What you should do: Would you output all the lines below precisely as they stand, leaving each picture out?

Available data:
########################################
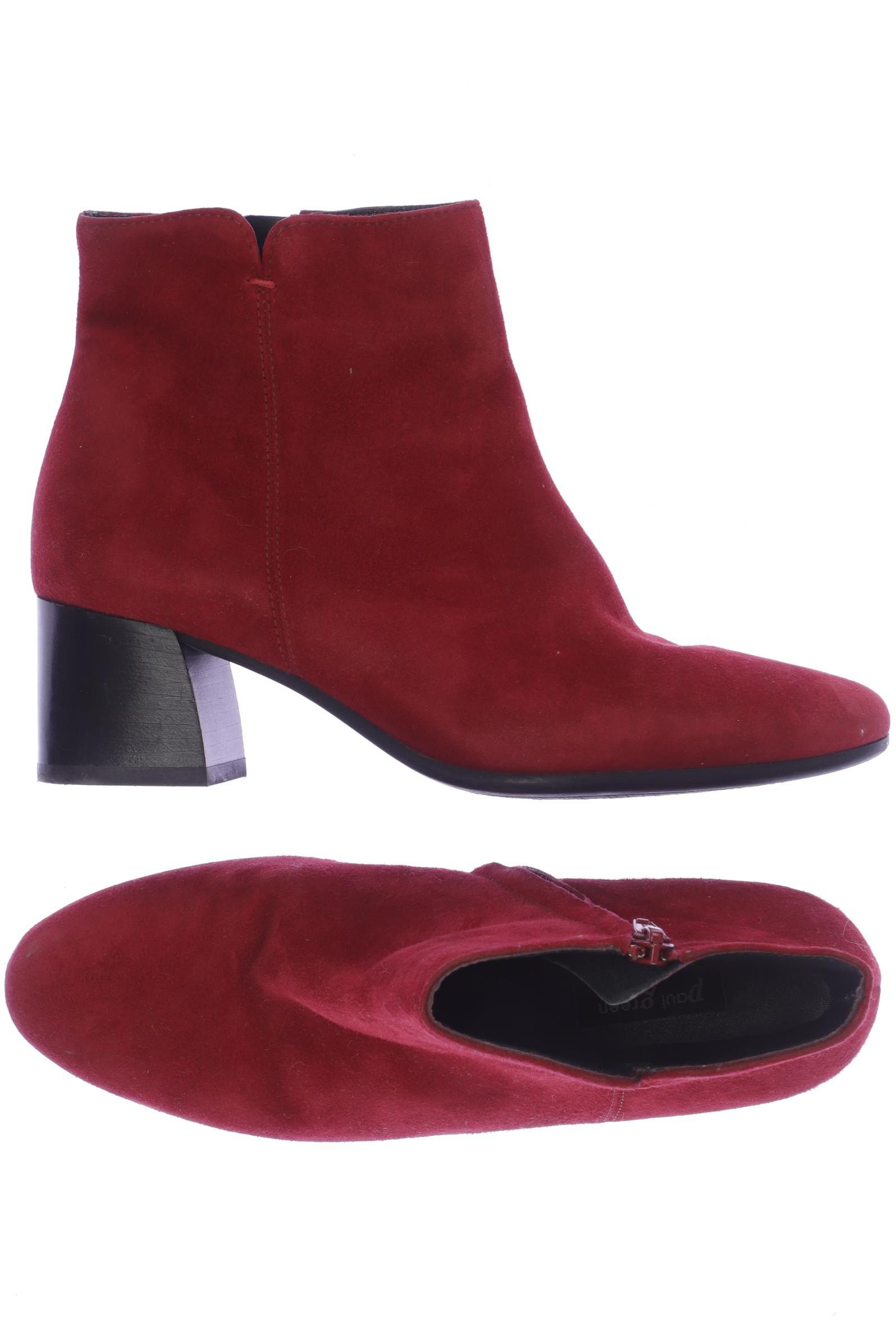 

Paul Green Damen Stiefelette, rot, Gr. 3.5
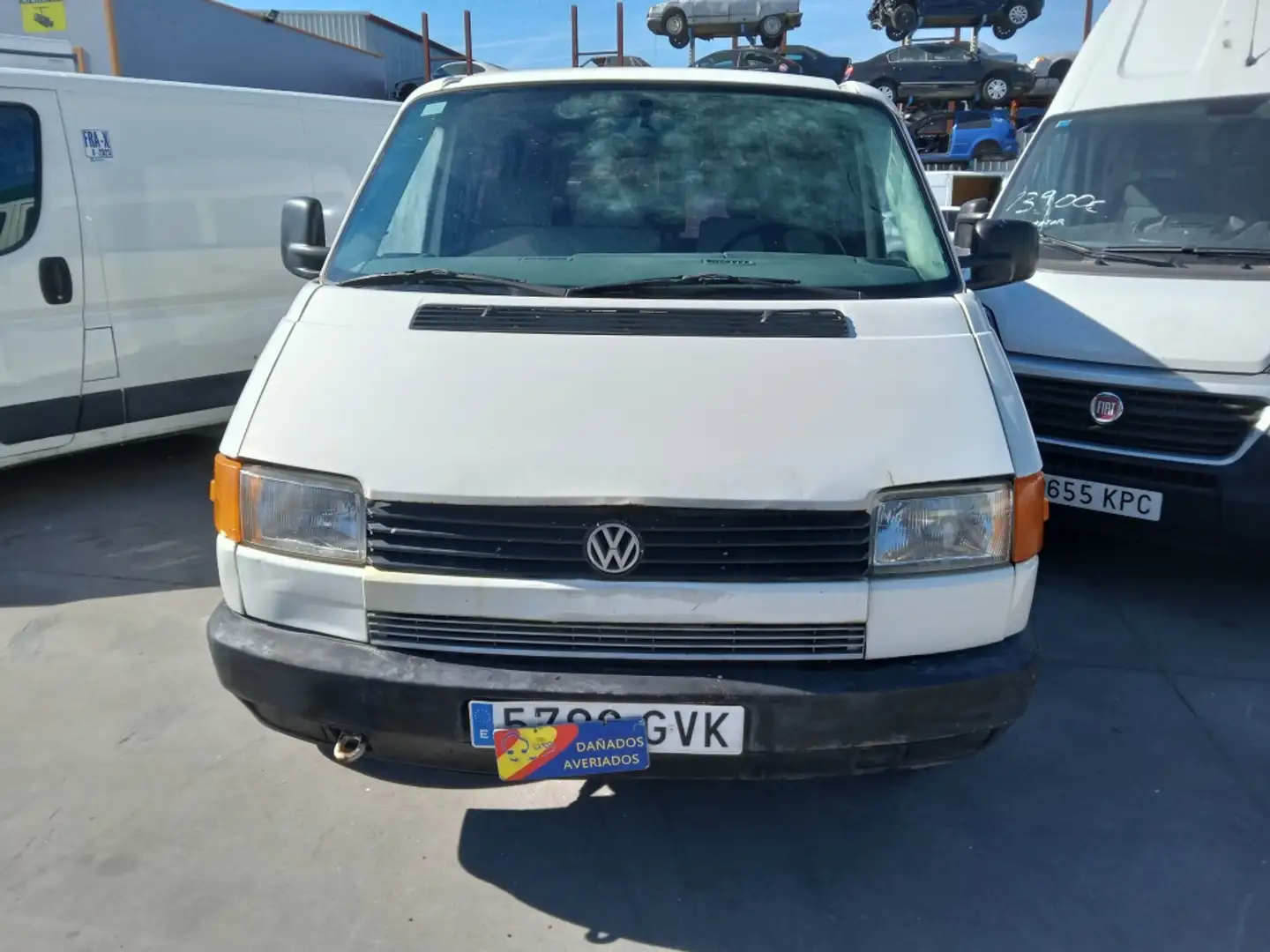 Volkswagen Transporter Kombi 9 2.4 Syncro 78 Blanc - 1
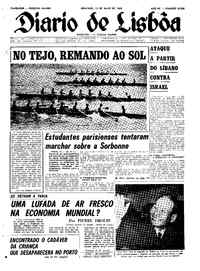 Domingo, 12 de Maio de 1968 (1ª edição)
########################################
Reply to the task:
Paul Green Damen Stiefelette, rot, Gr. 3.5
 Volkswagen Transporter Kombi 9 2.4 Syncro 78 Blanc - 1
 Domingo, 12 de Maio de 1968 (1ª edição)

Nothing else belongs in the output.